We have recruited hundreds more people in order to strengthen the border and to deal with anticipated changes as we get there. The Government are taking that seriously, and we will plan to deal with it. However, it is at our borders that we will be most vulnerable, which is why this new power will help the police and intelligence services at least to keep our borders safer than they are now. That will not change, whatever our relationship with Europe. The hostile-state power will be for our domestic intelligence services and police, and whether we are in or out of Europe, half in or half out, or whatever we are, this power will be a welcome one that they are willing and wanting to use.
Obviously, the B word is my favourite word at the moment. On information sharing, does the Minister agree that although we are leaving the EU, we are not leaving Europe? We will be a good neighbour as far as security and information sharing are concerned as we move forward into the future.
Within the remit of the Bill, we should remember that intelligence is the preserve of the nation state and will continue to be so. That has not changed and will not change. Contrary to what Sir Richard Dearlove, the head of MI6 at the time of the Iraq war, said in a letter that he put out last week, we managed to be full members of the Five Eyes and NATO at the same as we were full members of the European Union, so I do not believe that that will be lessened, whatever our status. We will still be members of the Five Eyes and NATO, whatever our relationship with the EU post 29 March. That is why the Bill is pitched correctly. It deals with the threats we have faced, the lessons we have learned from terrorist attack and from the hostile-state attack by Russia last year, and we are only as good as the lessons we learn. That is why the Bill is important in giving us the powers that we need.
In closing, I thank the Bill team, who have put up with their Minister wanting far too many changes, for helping me to deliver the sort of collaborative working that I used not to see, I am afraid, when I was in opposition a long time ago and for producing a Bill that I think most of the House regard as a good place to be. I am also grateful to their lordships for improving the Bill and to Her Majesty’s Opposition, the Liberal Democrats and the Scottish National party for their changes to the Bill. Thanks to those changes, we have a Bill that truly will help to bring people together and deliver better security.
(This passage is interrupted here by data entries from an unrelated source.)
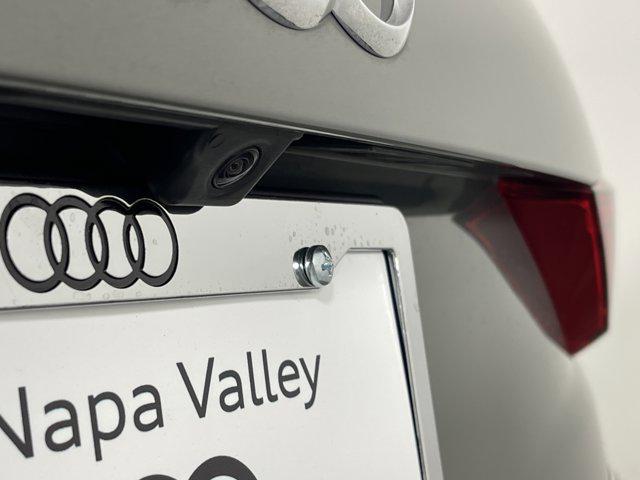 used 2023 Audi Q3 car, priced at $29,888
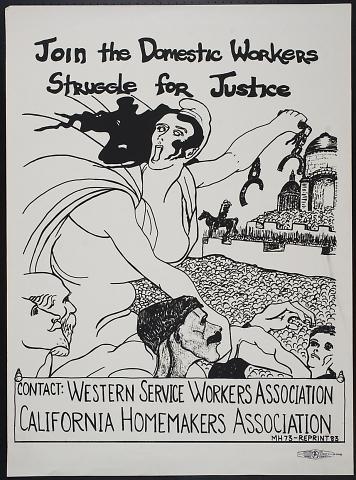 Join the Domestic Workers Struggle for Justice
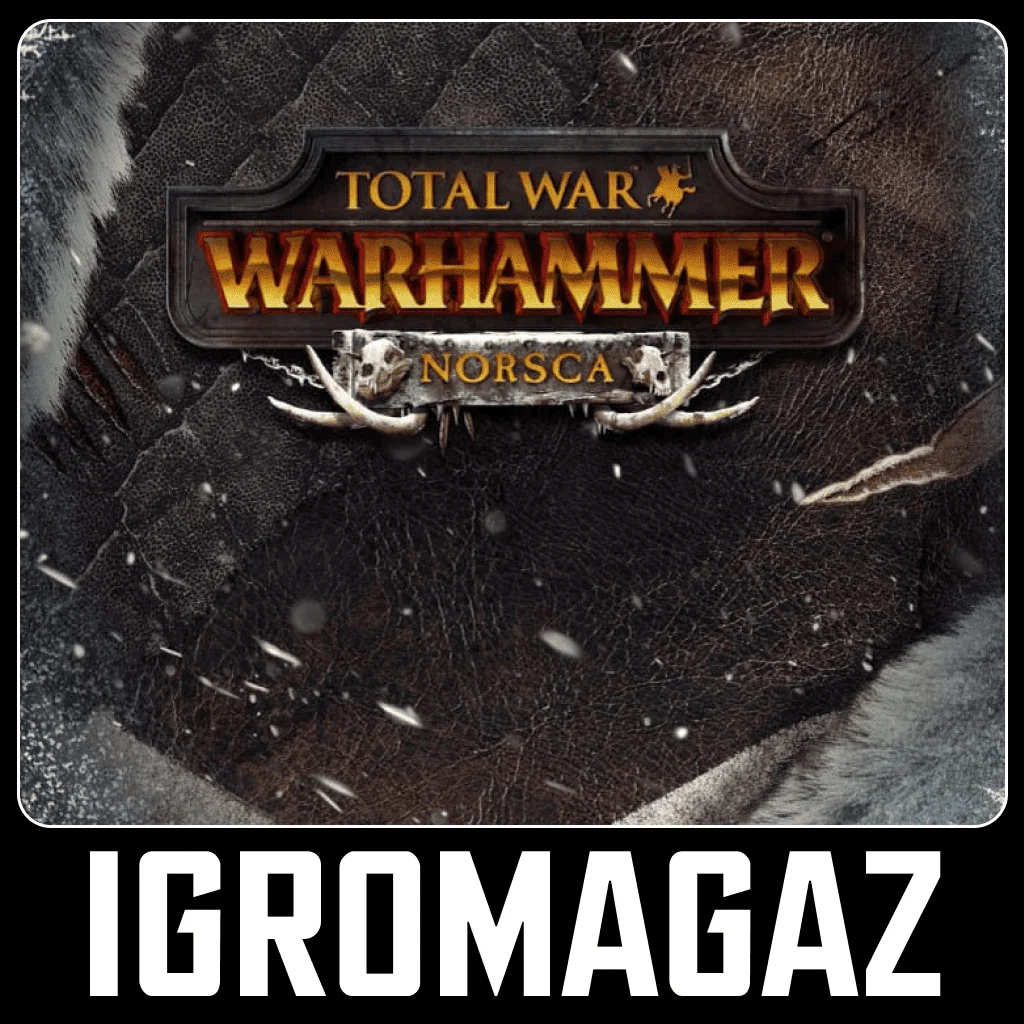 Total War Warhammer - Norsca (Steam)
I also thank the hon. Member for Torfaen for putting up with my struggling pronunciation of his constituency—I hope I got it right, but my Welsh is very poor—the right hon. Member for Kingston and Surbiton and the hon. Member for Paisley and Renfrewshire North (Gavin Newlands). I thank, too, the hon. Member for Barrow and Furness (John Woodcock) for his helpful suggestions and his campaign on the designated areas. He was part of their inspiration, so he can carry some of the blame if it turns out in a few years that they do not work. [Laughter.] I will take some of the blame; so can he.
Finally, I also thank my hon. Friend the Member for Redditch (Rachel Maclean), who performed gallantly as my Parliamentary Private Secretary through Committee, and our usual channel, the Lord Commissioner of Her Majesty’s Treasury, my hon. Friend the Member for Blackpool North and Cleveleys (Paul Maynard). I also thank you, Madam Deputy Speaker, the Speaker and the other Deputy Speakers for steering the Bill through the House.
Lords amendment 12 agreed to.
Lords amendments 14, 15 and 17 to 42 agreed to.